Task goal: The lines below from the one with "Le trio Ivy Coque souple iPhone" up to and including the one with "Centrale Διαμέρισμα Τραπάνι" are what you should set down, exactly and without pictures.
Data section Start Marker
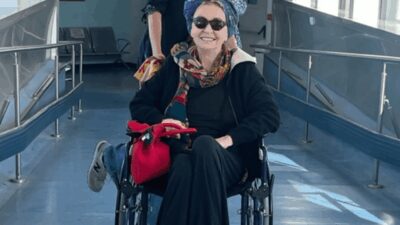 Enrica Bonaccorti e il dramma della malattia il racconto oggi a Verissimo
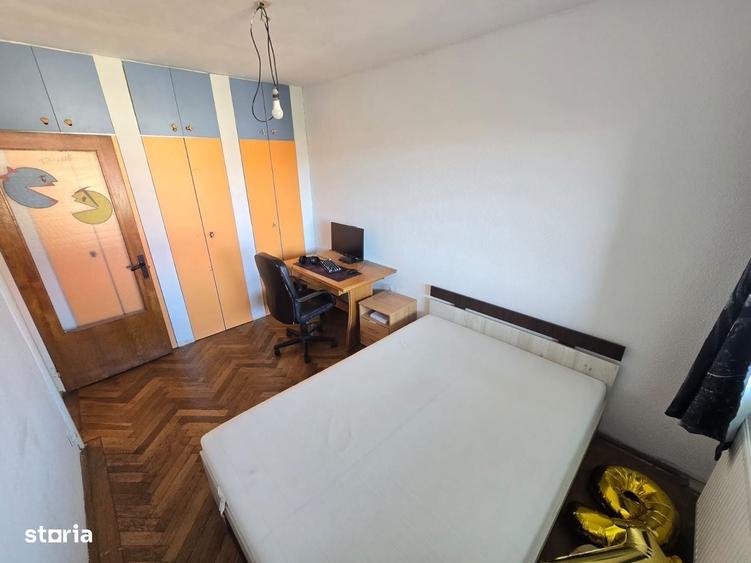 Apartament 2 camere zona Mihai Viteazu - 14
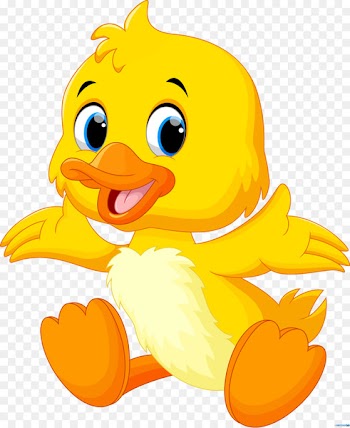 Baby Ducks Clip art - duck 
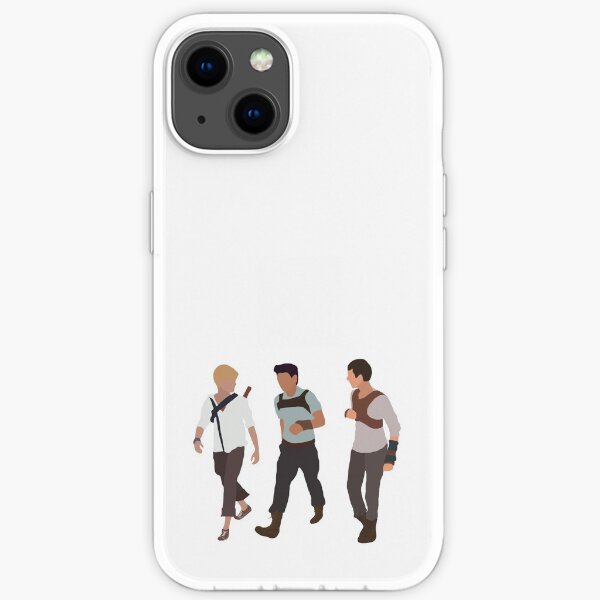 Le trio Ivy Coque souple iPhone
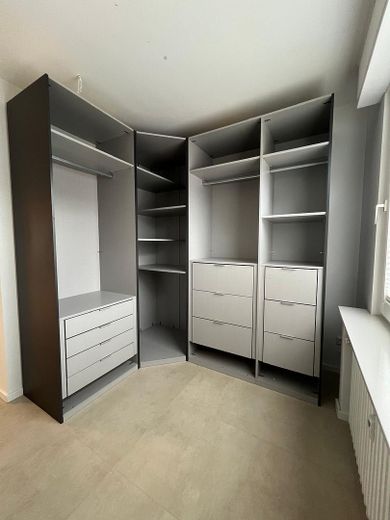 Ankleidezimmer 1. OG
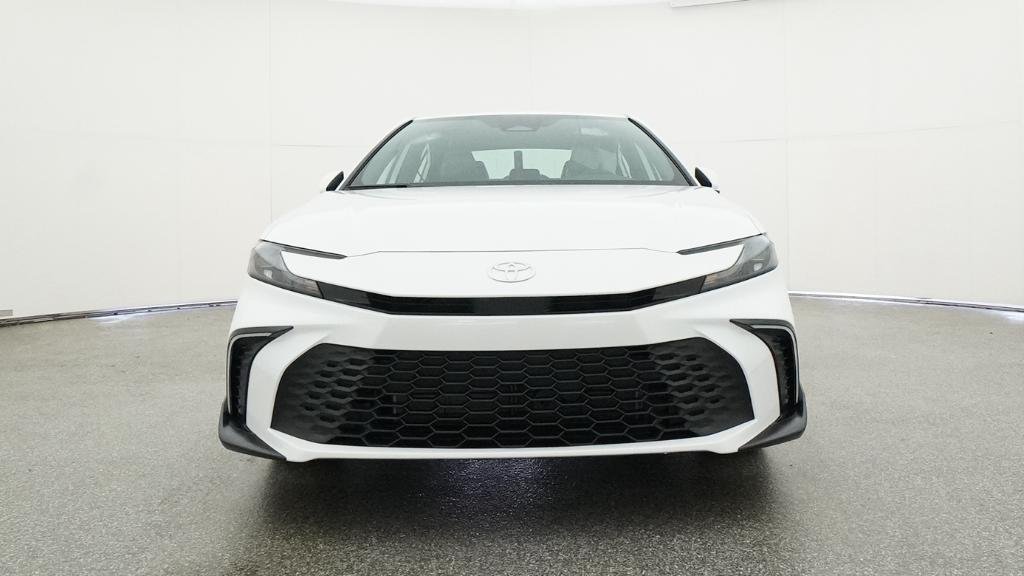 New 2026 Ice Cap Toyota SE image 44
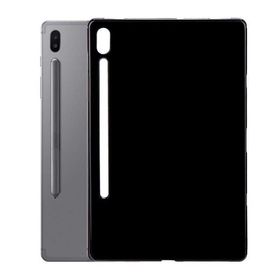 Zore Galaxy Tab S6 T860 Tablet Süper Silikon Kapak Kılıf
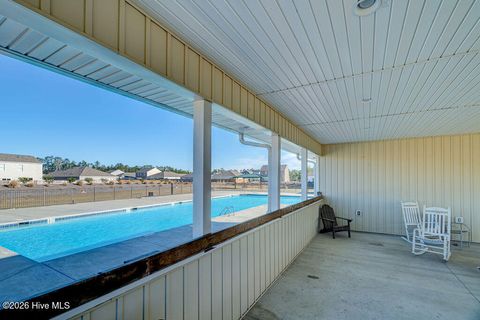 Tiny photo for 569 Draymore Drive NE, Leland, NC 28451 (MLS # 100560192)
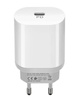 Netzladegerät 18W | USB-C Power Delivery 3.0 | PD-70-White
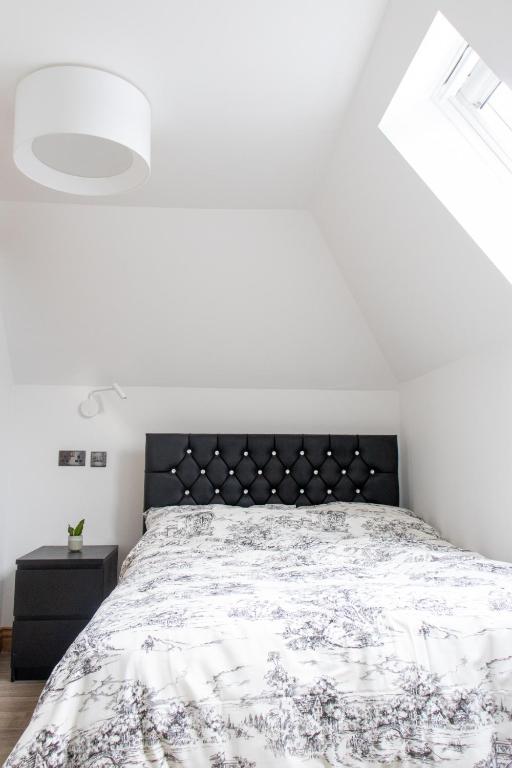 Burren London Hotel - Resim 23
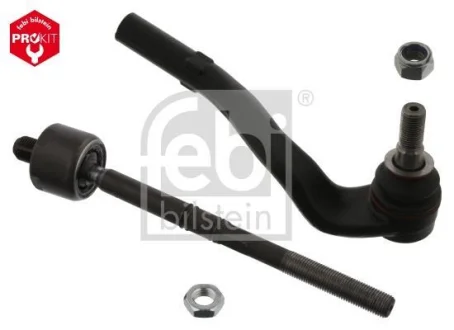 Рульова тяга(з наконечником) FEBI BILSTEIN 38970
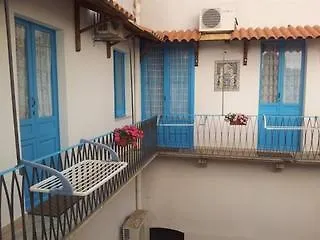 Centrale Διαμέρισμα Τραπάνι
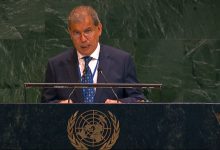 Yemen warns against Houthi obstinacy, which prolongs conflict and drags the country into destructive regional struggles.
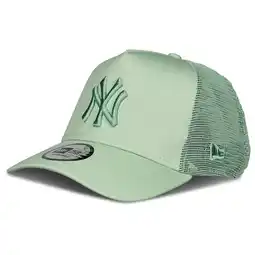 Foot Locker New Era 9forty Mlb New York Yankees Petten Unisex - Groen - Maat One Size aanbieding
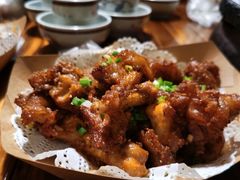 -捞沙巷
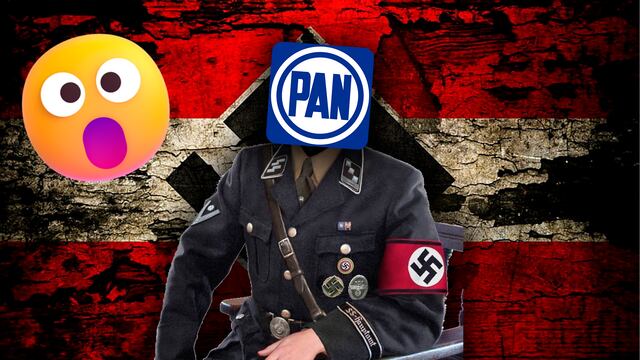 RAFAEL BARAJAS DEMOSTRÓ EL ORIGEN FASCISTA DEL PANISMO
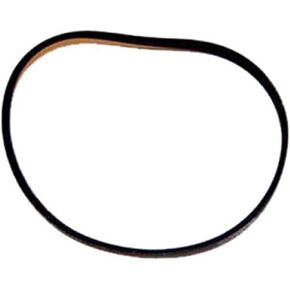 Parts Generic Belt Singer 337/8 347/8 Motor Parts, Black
Data section End Marker
Output of the exercise:
 Le trio Ivy Coque souple iPhone
 Ankleidezimmer 1. OG
 New 2026 Ice Cap Toyota SE image 44
 Zore Galaxy Tab S6 T860 Tablet Süper Silikon Kapak Kılıf
 Tiny photo for 569 Draymore Drive NE, Leland, NC 28451 (MLS # 100560192)
 Netzladegerät 18W | USB-C Power Delivery 3.0 | PD-70-White
 Burren London Hotel - Resim 23
 Рульова тяга(з наконечником) FEBI BILSTEIN 38970
 Centrale Διαμέρισμα Τραπάνι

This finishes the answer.